WHAT IS REQUIRED —
Find, in the records below, the line that contains "Photo 5 of Unit" and the line that contains "Snapshot of Hanachan_Gcup_". Copy those two lines and everything between them exactly, but not the pictures.

MATERIAL TO PROCESS —
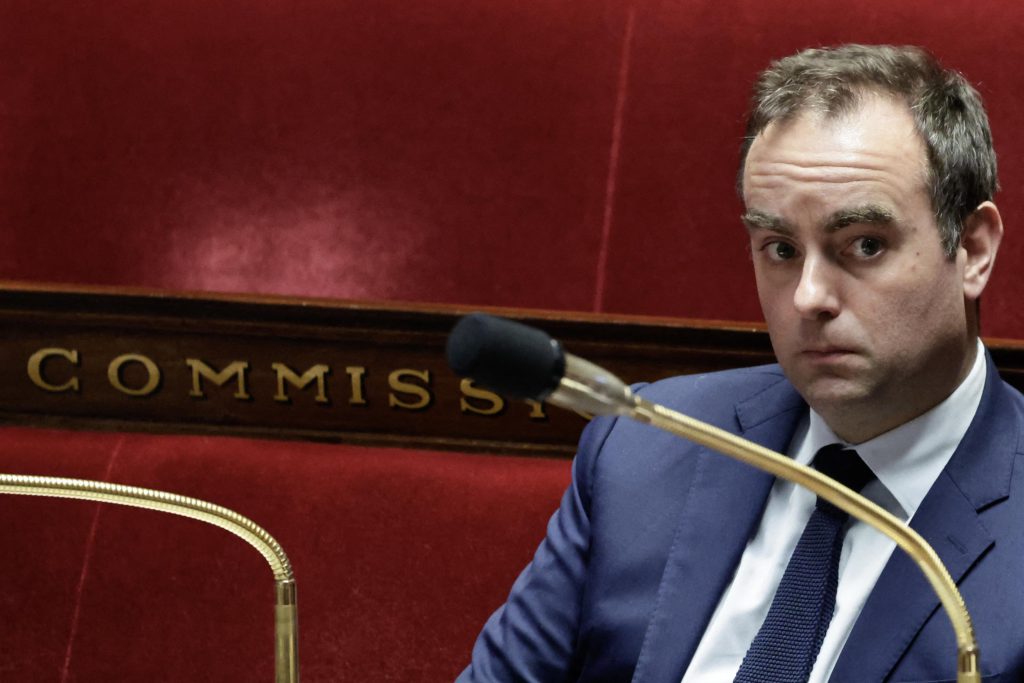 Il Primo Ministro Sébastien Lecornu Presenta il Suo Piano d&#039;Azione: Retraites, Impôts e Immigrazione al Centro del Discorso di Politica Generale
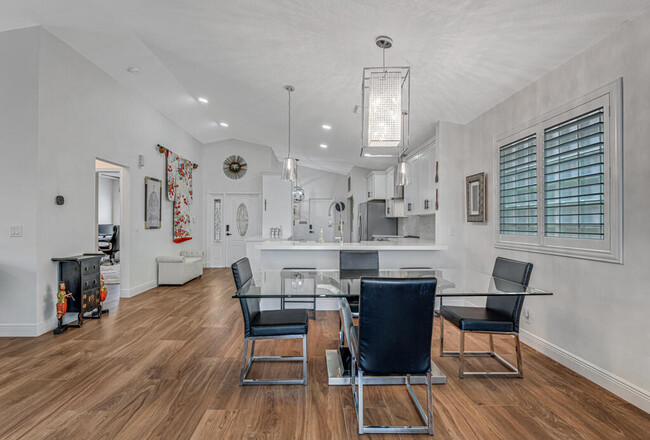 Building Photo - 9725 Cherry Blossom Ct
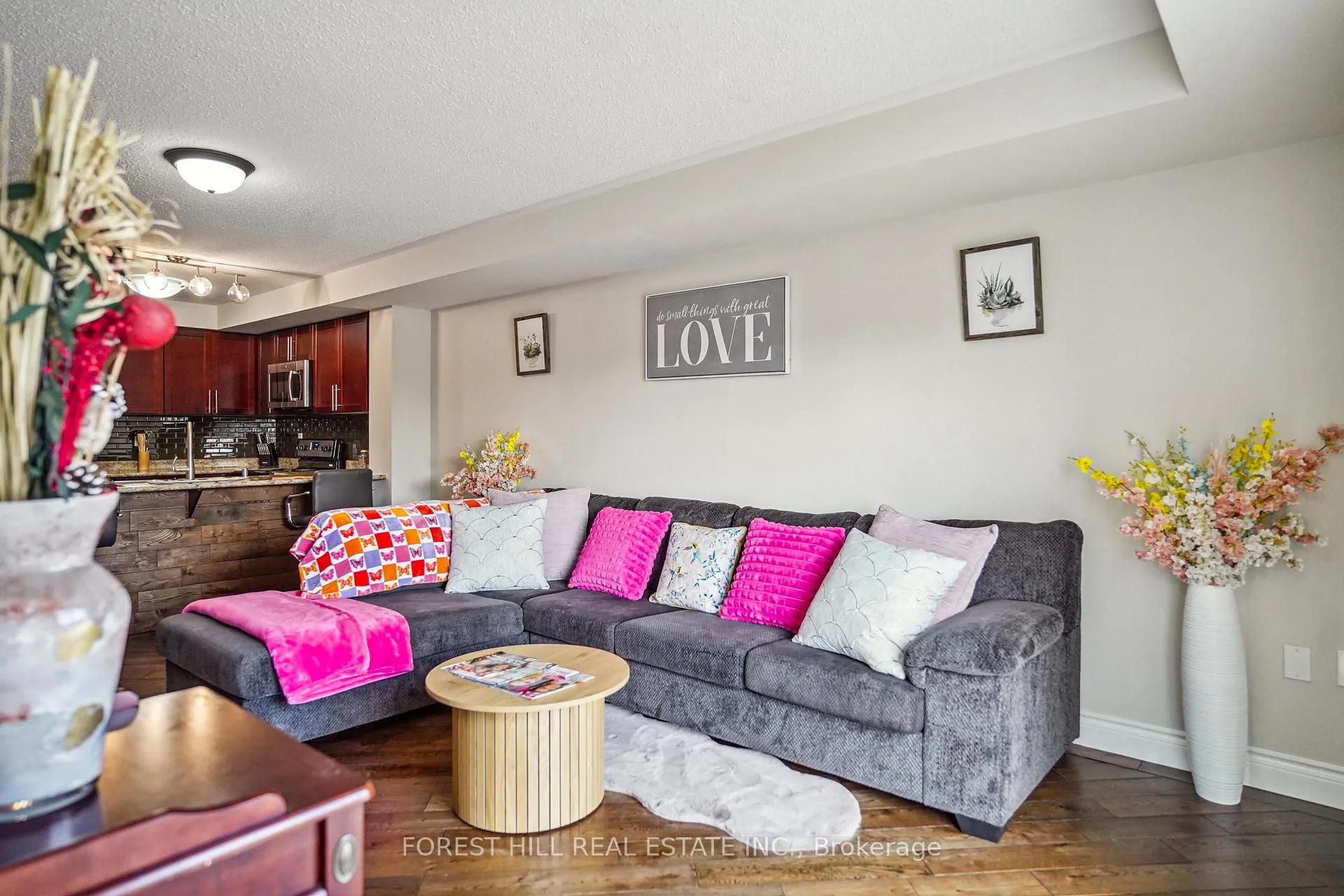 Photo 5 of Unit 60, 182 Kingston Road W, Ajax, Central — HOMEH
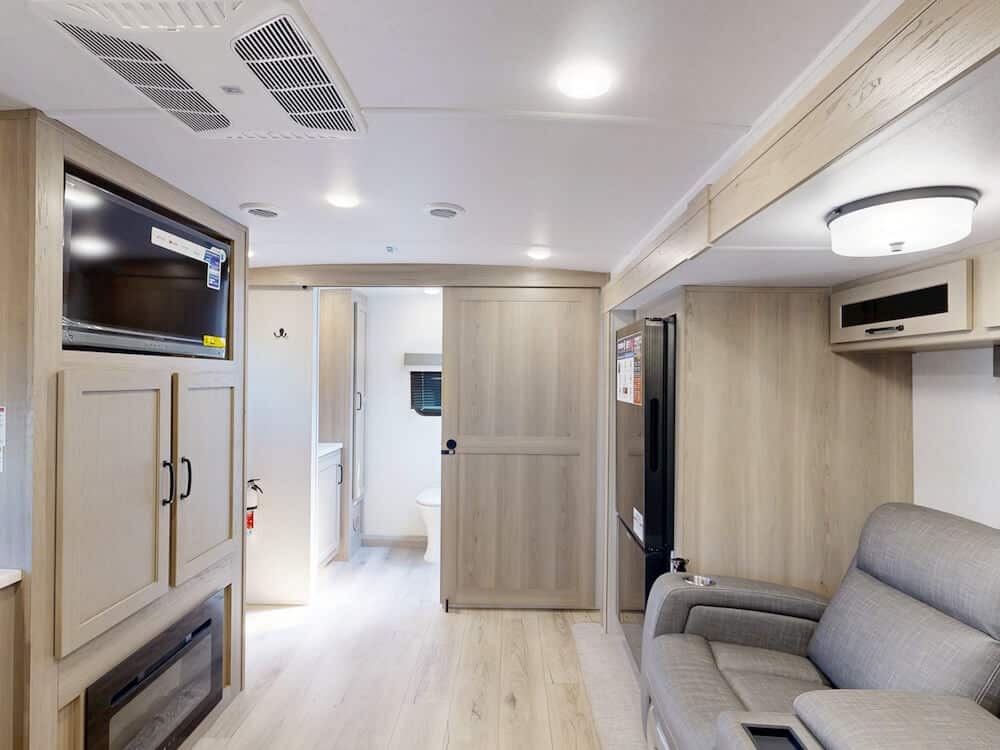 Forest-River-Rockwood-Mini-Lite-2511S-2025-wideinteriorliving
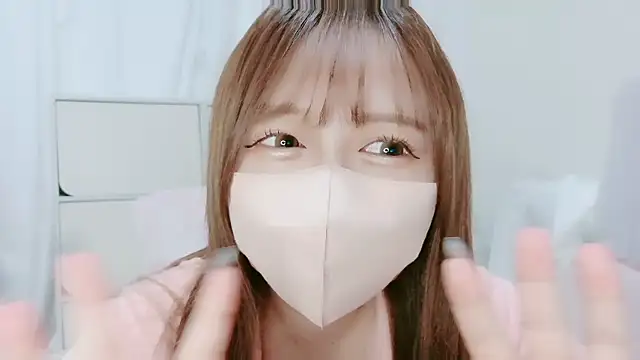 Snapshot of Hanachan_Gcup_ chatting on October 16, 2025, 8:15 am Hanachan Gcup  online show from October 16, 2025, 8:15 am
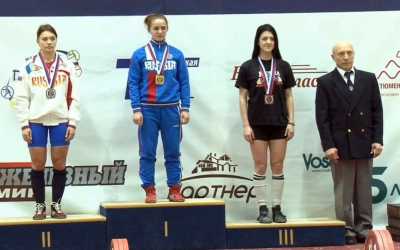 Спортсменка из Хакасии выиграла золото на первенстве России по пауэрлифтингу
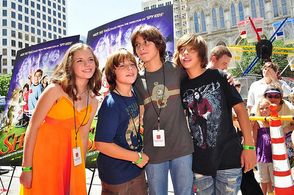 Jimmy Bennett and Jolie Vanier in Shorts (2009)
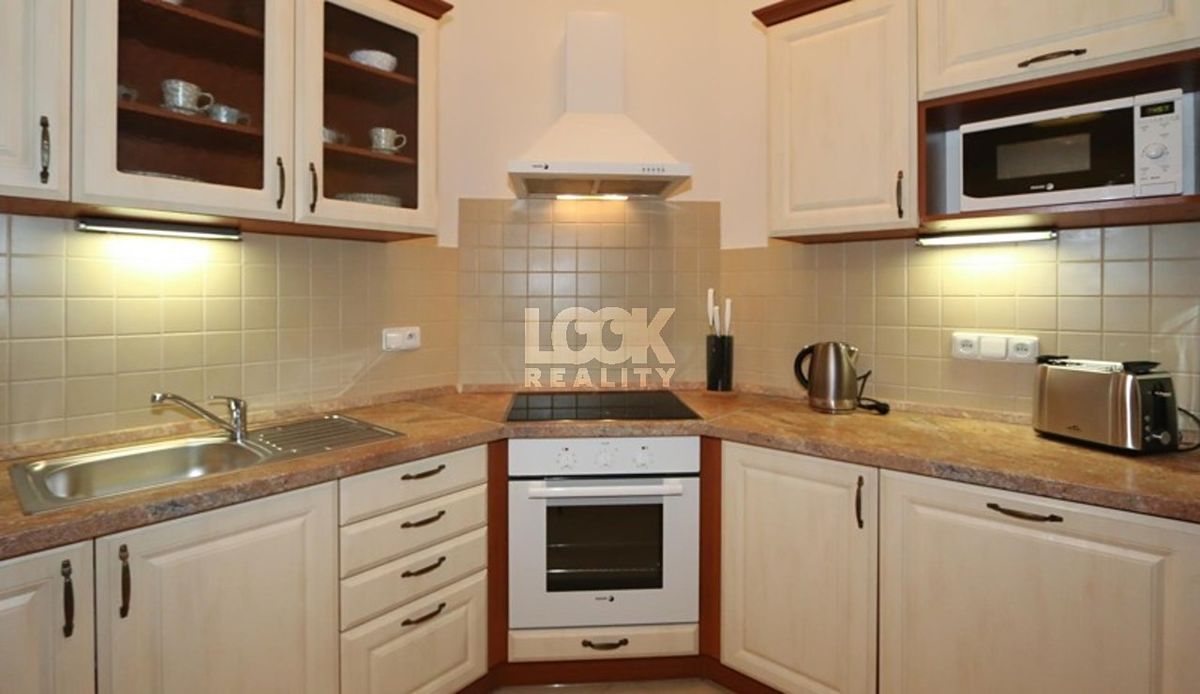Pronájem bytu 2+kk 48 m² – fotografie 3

--

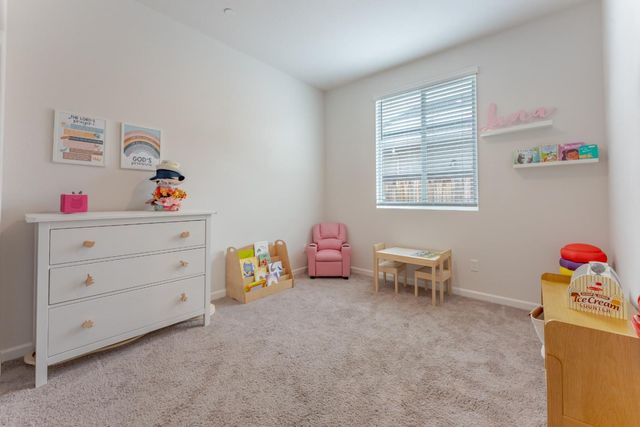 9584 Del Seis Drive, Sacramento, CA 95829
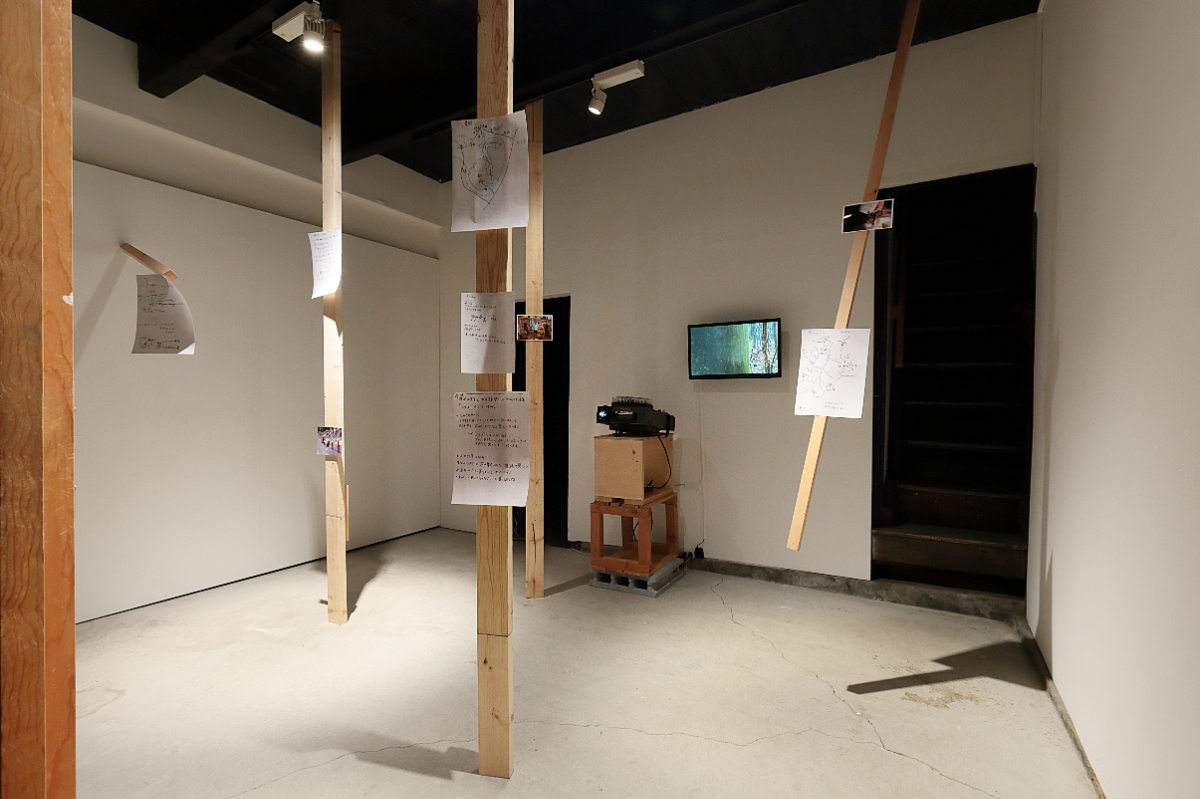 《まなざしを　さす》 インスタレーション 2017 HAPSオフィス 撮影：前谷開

REPLY —
 Photo 5 of Unit 60, 182 Kingston Road W, Ajax, Central — HOMEH
 Forest-River-Rockwood-Mini-Lite-2511S-2025-wideinteriorliving
 Snapshot of Hanachan_Gcup_ chatting on October 16, 2025, 8:15 am Hanachan Gcup  online show from October 16, 2025, 8:15 am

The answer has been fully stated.